A Strategy for NuGen to Move Ahead at Moorside
The first thing NuGen needs is a new investment plan. The project needs money and a lots of it it. At an estimated “overnight cost” $5,000/Kw, the 3,450 MW of power could cost approximately $17 billion. That doesn’t include all the extras like substantially beefing up the regional grid to deliver power to customers.
Frankly, the South Koreans, as interested as they are in the project, are not going to do two things. First, they are not going to be investors. Second, they don’t have a reactor design that has cleared the UK’s Generic Design Approval (GDA) process which means any EPC contractor hired for the job has to build AP1000s which do have GDA signoff.

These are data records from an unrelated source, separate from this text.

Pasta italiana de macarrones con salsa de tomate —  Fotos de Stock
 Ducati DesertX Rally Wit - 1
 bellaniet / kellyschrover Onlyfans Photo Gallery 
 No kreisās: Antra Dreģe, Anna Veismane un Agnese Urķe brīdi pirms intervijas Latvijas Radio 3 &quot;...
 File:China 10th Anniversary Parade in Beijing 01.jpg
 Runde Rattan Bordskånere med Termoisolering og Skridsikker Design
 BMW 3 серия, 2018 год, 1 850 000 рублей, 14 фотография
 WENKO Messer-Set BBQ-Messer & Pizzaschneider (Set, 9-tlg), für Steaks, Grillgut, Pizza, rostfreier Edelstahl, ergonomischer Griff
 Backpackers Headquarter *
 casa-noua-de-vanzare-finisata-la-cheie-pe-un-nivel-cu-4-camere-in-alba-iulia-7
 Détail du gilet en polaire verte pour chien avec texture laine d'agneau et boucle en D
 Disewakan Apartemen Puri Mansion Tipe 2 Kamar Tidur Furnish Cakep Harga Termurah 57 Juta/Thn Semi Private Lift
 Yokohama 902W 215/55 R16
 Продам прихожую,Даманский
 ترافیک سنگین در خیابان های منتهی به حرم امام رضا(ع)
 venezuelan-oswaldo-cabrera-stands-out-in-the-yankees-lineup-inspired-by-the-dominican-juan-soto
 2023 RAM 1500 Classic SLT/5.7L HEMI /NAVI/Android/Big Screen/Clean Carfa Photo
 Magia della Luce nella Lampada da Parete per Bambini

The only set of deep pockets left in the UK is the government itself. If the government can be convinced to guarantee the rates for the plant, then that guarantee can be the basis for government issued bonds for the project. Backed by the full faith and credit of the UK government, the bonds will get a good rating for acquisition by institutional investors.
Finally, because the government would be setting a rate case to support the bonds, it needs to be sure that there will not be efforts to meddle in this arrangement by anti-nuclear states in the European Union like Austria. That country has already tried to torpedo the Hinkley Point project, composed of three Areva 1650 MW EPRs, and may take another bite at the apple with Moorside.
The circuit breaker in this scenario is BREXIT. Brexit is a commonly used term for the United Kingdom’s intention to withdraw from the European Union (EU) fol;owing the 2016 referendum vote to leave. The UK government started the withdrawal process on March 28,2017, putting the country on course to leave the EU by April 2019.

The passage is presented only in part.